Shipment's fell 6.5% in October, from a year earlier. Exports to China declined 11.6% and were down 20% to the EU.
A territorial dispute with China has dented sales to Japan's biggest trading partner, while the EU is being hurt by a continuing debt crisis.
Japan's economy is heavily reliant on exports and a slowdown would hurt growth.
Analysts said that given the uncertain global economic conditions, Japan's exports may continue to be weak in coming month.
"This is basically the new normal that we have to deal with, well into the next year," Martin Schulz of Fujitsu Research Institute told the BBC.
The data comes just weeks after Japan reported that its economy contracted in the July to September period.
China is the world's second-largest economy and has a huge domestic market that has become vital to many global and regional exporters.
Demand from its consumers is seen as key for countries such as Japan, especially in wake of a slowdown in the western economies.
However, relations between China and Japan have soured after a territorial dispute flared up in September.
It followed Japan's purchase of disputed islands in the East China Sea, known as Senkaku in Japan and Diaoyu in China.
The move led to widespread anti-Japan protests in China, which turned violent in some areas with people directing their anger at Japanese brands.
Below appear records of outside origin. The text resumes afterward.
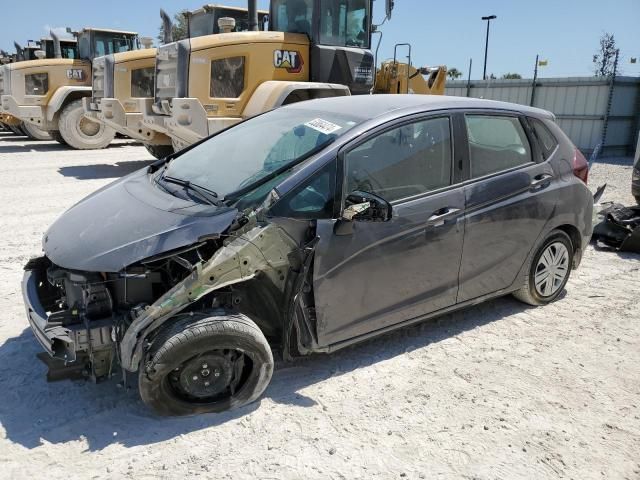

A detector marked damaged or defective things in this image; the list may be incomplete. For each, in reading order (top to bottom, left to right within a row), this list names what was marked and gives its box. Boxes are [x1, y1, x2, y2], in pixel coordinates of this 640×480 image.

bent hood [43, 170, 238, 274]
damaged gray hatchback car [21, 95, 596, 414]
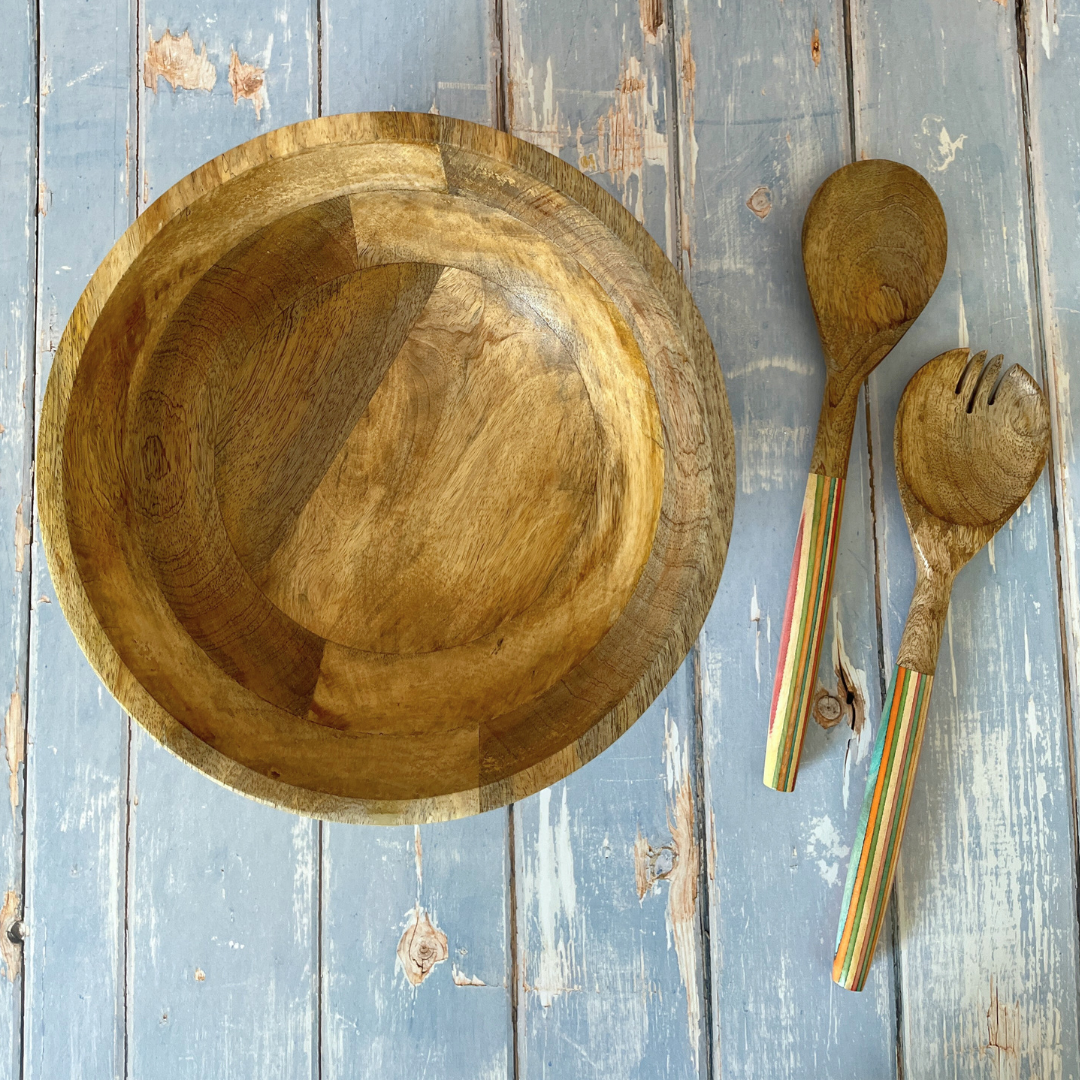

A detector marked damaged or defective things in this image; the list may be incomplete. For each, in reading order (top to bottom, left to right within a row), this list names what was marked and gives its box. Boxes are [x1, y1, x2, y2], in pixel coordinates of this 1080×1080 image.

peeling paint [635, 0, 660, 41]
chipped paint patch [635, 0, 660, 41]
peeling paint [144, 28, 218, 93]
chipped paint patch [145, 29, 217, 93]
chipped paint patch [227, 46, 267, 119]
peeling paint [227, 46, 267, 119]
chipped paint patch [920, 113, 972, 172]
peeling paint [747, 185, 773, 219]
chipped paint patch [747, 186, 773, 220]
chipped paint patch [13, 503, 29, 574]
peeling paint [4, 686, 22, 812]
chipped paint patch [4, 691, 22, 816]
chipped paint patch [807, 816, 846, 885]
chipped paint patch [0, 889, 20, 984]
peeling paint [0, 889, 20, 984]
chipped paint patch [397, 902, 447, 989]
peeling paint [397, 902, 447, 989]
chipped paint patch [451, 967, 486, 984]
peeling paint [451, 963, 486, 989]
October's decline in exports followed a 14.1% drop in September.
Analysts said the row may continue to damage trade between the two countries.
"You can't expect China to drive Japanese exports the way it used to, because of the boycotting of Japanese products there due to a territorial dispute," said Takeshi Minami, chief economist at Norinchukin Research Institute in Tokyo.
Exports to the to EU, meanwhile, have now fallen for 13 straight months.
Analysts said that as well as the eurozone debt crisis, Japanese exporters were also hurt by the strength of the yen.
A strong yen makes Japanese goods more expensive to foreign buyers, and it gained nearly 7% against the US dollar between March and September this year.
Though the yen has weakened since then, it continues to remain at a level seen as too high by many businesses.
It was trading close to 81.89 yen against the US dollar in Asia trade on Wednesday.
"Japan is being out-competed by China, by South Korea and by its Asian neighbours," said Fujitsu Research Institute's Mr Schulz. "This is a problematic situation."